## WORK REQUIRED:
The line containing "So guys, wait" marks the end; return exactly every line from the start of the records up to and including it, but no pictures.
***** RECORD EXCERPTS
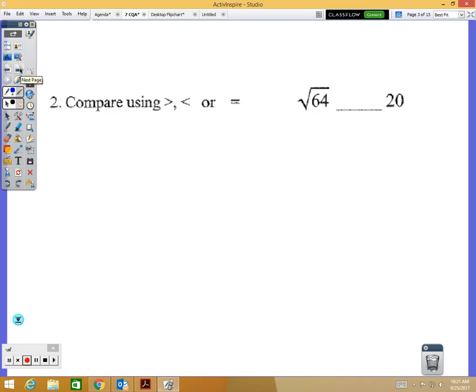Number two: you're comparing using greater than, less than, or equal to — comparing a square root to a whole number. Don't just look at the 64 and the 20; it's important that there is a square root symbol, also called a radical sign. What is the square root of 64? Eight. So you're really comparing an 8 to a 20, and 8 is less than 20, so the alligator eats the bigger number.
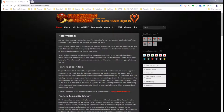Okay, so on my screen now you can see the Firestorm viewer page. Please note that the address is firestormviewer.org. Do not use any other site to download the Firestorm viewer. This is the only official site and any others should be avoided at all costs.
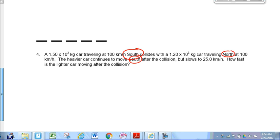What slows to 25 kilometers per hour? How fast is the lighter car moving after the collision? There's something else I probably could circle here in red as well — kilometers per hour, right? 100 kilometers per hour, 25 kilometers per hour. When you're solving a conservation of momentum problem, you can actually get away with using kilometers per hour.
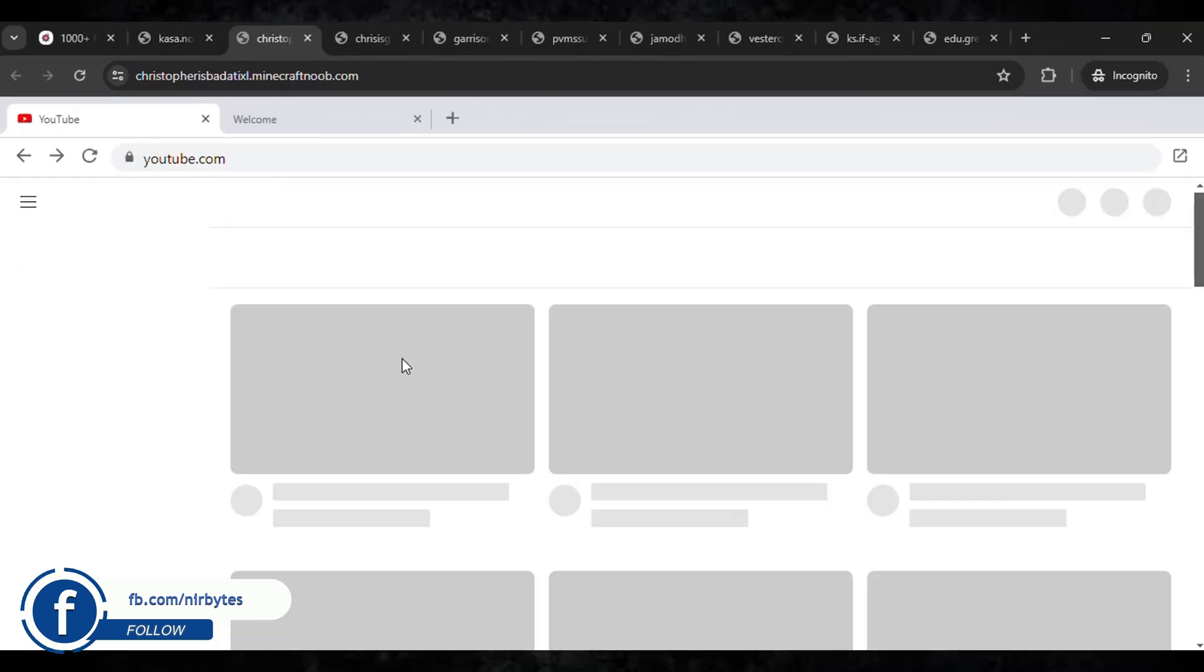So guys, wait for it to load. Here you can see YouTube has been successfully unlocked. So you can see the YouTube.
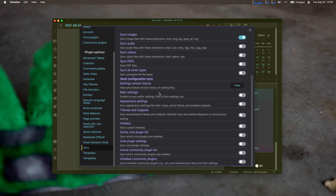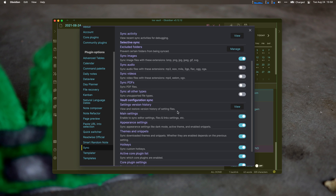You can also decide what you want to sync for settings. I can sync my main settings — I actually turned this off earlier in the course so a bunch of things haven't been syncing. I can sync my appearance, sync themes and snippets, sync my hotkeys, and sync my active and core plugin list. So I can sync my plugin settings back and forth between all my devices.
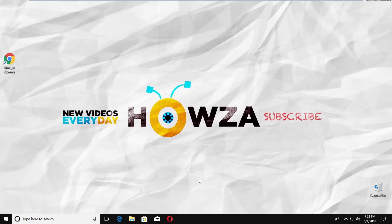Hey! Welcome to Howza channel! In today's tutorial, we will teach you how to change taskbar color in Windows 10.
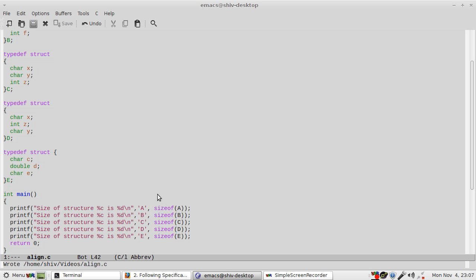For example, chars are one byte, so keep all the characters together, unsigned or signed does not matter. Short integers, keep all the short integers together. Integers, 4-byte integers I am talking about, so keep all the 4-byte integers together. If you keep them together, the packing will be more, and if you declare in a sparse fashion, one char, one integer, one double and then again a character, then there will be lots of holes in that structure and you will be wasting precious memory.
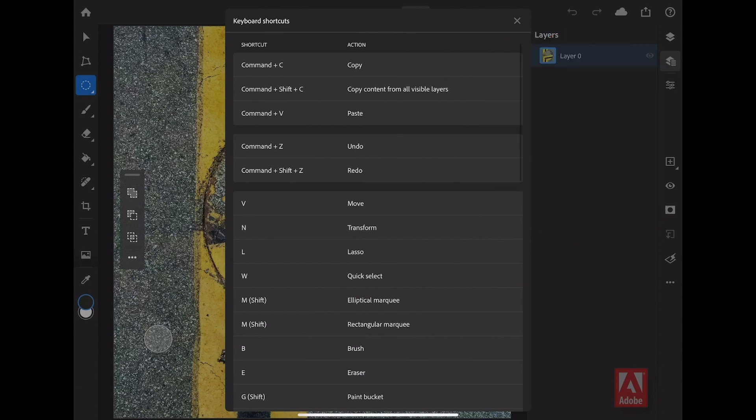There you have it, some great tips and techniques here in the new Adobe Photoshop for iPad. Give it a try.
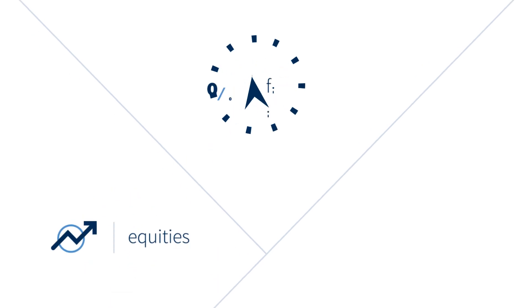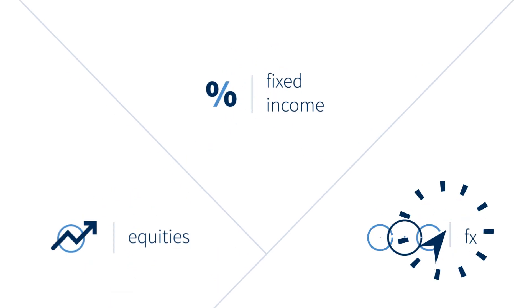Whether you trade equities, fixed income, FX or derivatives, Calypso is the industry leader.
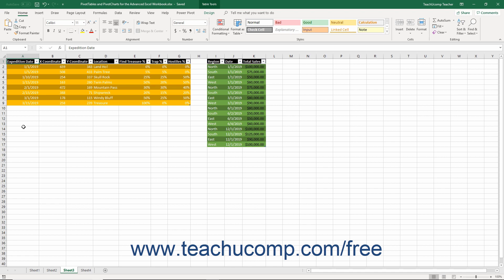Password protecting files poses a risk because if you forget the password, you cannot open the password protected files in the future. To apply password protection to an Excel file,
**********
## WORKED SOLUTION:
Number two: you're comparing using greater than, less than, or equal to — comparing a square root to a whole number. Don't just look at the 64 and the 20; it's important that there is a square root symbol, also called a radical sign. What is the square root of 64? Eight. So you're really comparing an 8 to a 20, and 8 is less than 20, so the alligator eats the bigger number.
Okay, so on my screen now you can see the Firestorm viewer page. Please note that the address is firestormviewer.org. Do not use any other site to download the Firestorm viewer. This is the only official site and any others should be avoided at all costs.
What slows to 25 kilometers per hour? How fast is the lighter car moving after the collision? There's something else I probably could circle here in red as well — kilometers per hour, right? 100 kilometers per hour, 25 kilometers per hour. When you're solving a conservation of momentum problem, you can actually get away with using kilometers per hour.
So guys, wait for it to load. Here you can see YouTube has been successfully unlocked. So you can see the YouTube.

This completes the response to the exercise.